Este blogue repete o post de dia 4 deste mês, a propósito da declaração do senhor presidente da Republica Portuguesa de que a sua casa civil não vê inconstitucionalidades na nova lei laboral
http://fcsseratostenes.blogspot.pt/2012/06/indignacao-o-artigo-58-da-constituicao.html
«Artigo 58º da Constituição da Republica Portuguesa:
(Direito ao trabalho)
1. Todos têm direito ao trabalho.
2. Para assegurar o direito ao trabalho, incumbe ao Estado promover:
a) A execução de políticas de pleno emprego
etc, etc.
Aceita-se que em situação de emergencia não se possam cumprir plenamente os artigos da Constituição.
Só que, em tais situações de emergencia, isto é, em que as instituições não podem funcionar de forma regular, aquilo que se tem de fazer não pode ser decidido apenas por um grupo; têm de ser todos chamados a participar.

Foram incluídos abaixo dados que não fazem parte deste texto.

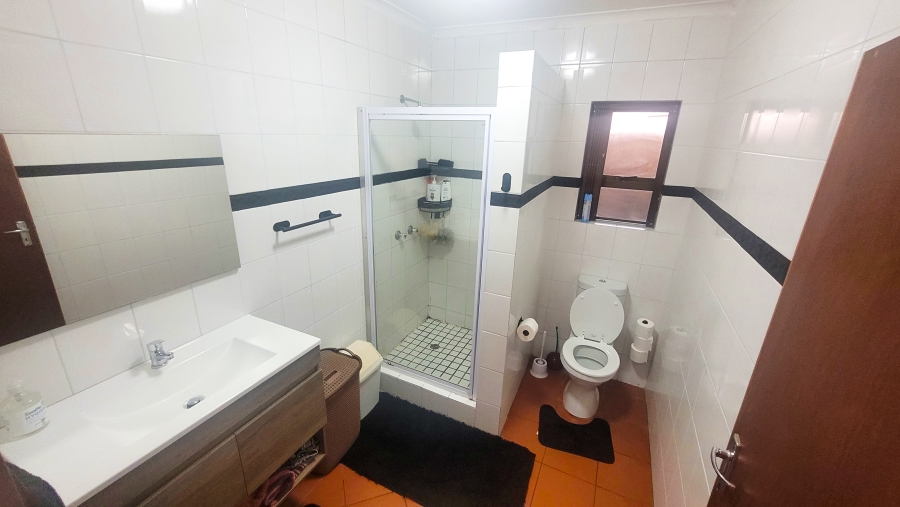 6 Bedroom Property for Sale in St Francis Bay Village Eastern Cape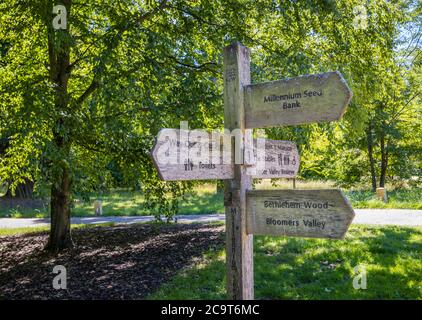 Wegweiser zu Sehenswürdigkeiten am Wakehurst (Wakehurst Place), einem botanischen Garten in West Sussex, der von den Royal Botanic Gardens, Kew, verwaltet wird Stockfoto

Por isso, e por não ser o que está a acontecer, o registo deste "post" é o da indignação.»
Reafirmando a necessidade em qualquer sociedade de, especialmente em caso de emergência como é o da avaliação continua da execução do memorando da troica, envolver o máximo de sensibilidades e recolher o máximo de contribuições da população, privilegiando a cooperação em diversidade e não o monolitismo necessariamente representante de uma parte minoritária da população, recordo que o senhor presidente da Republica foi eleito por 23,2% dos eleitores inscritos, em eleições com 46,6% de votantes, e que a lei laboral foi aprovada pelos partidos do governo que tiveram um conjunto de 29,67% de votos entre os eleitores inscritos, em eleições com 58,9% de votantes.
Não se contesta a legitimidade das instituições perante estes números, apenas se exprime a opinião de que a casa civil da presidência da Republica deveria ter mais sensibilidades representadas.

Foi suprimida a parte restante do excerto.